As mentioned earlier, Beam_GFRP_PostStr and Beam_CFRP_PostStr, which were initially bare beams, were pre-damaged up to 30 mm displacement (i.e., D₁ damage level) and strengthened with GFRP and CFRP, respectively. The load–displacement curves of Beam_GFRP_PostStr and Beam_CFRP_PostStr are presented in Figure 7. The pre-damaging procedure serves as a reference for the pre-strengthened beams, namely Beam_GFRP_PreStr and Beam_CFRP_PreStr. The first crack in the midspan region occurred at 18.83 kN (i.e., at 5.98 mm displacement) and 19.23 kN (i.e., at 6.18 mm displacement) for Beam_GFRP_PostStr and Beam_CFRP_PostStr, respectively. As the load increased, additional flexural cracks formed. The longitudinal steel reinforcement yielded at 42.61 kN (i.e., at 15.11 mm displacement) for Beam_GFRP_PostStr and 41.86 kN (i.e., at 15.23 mm displacement) for Beam_CFRP_PostStr. Representations of Beam_GFRP_PostStr and Beam_CFRP_PostStr at the D₁ damage level are given in Figure 8.

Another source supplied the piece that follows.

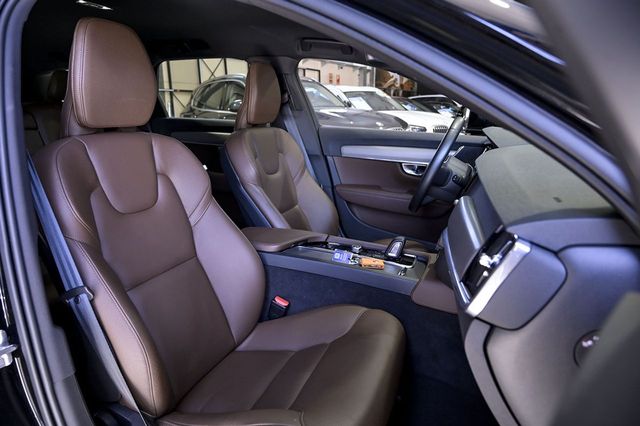 Volvo V90   2.0 D4 Momentum Pro Auto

During the static test conducted after the strengthening of Beam_GFRP_PostStr with GFRP, the first new crack formed at a load value of 43.05 kN (i.e., at 28.71 mm displacement). As the load increased, additional flexural cracks developed. After the strengthening procedure, the maximum load value increased by 14.15% compared to the pre-strengthening state. At a midspan displacement of 62.52 mm, cracks in the concrete cover became more pronounced and extended horizontally to the right. A decrease in load values was observed during the fourth and fifth loading cycles. When the displacement reached 84.32 mm (i.e., at 44.13 kN load), the GFRP layer debonded from the concrete interface, leading to failure. Complete crushing occurred in the concrete of the compression zone, and Beam_GFRP_PostStr exhibited ductile flexural behavior similar to that of Beam_GFRP_PreStr, as shown in the load–displacement curve (see Figure 7). The failure mode of Beam_GFRP_PostStr is presented in Figure 9.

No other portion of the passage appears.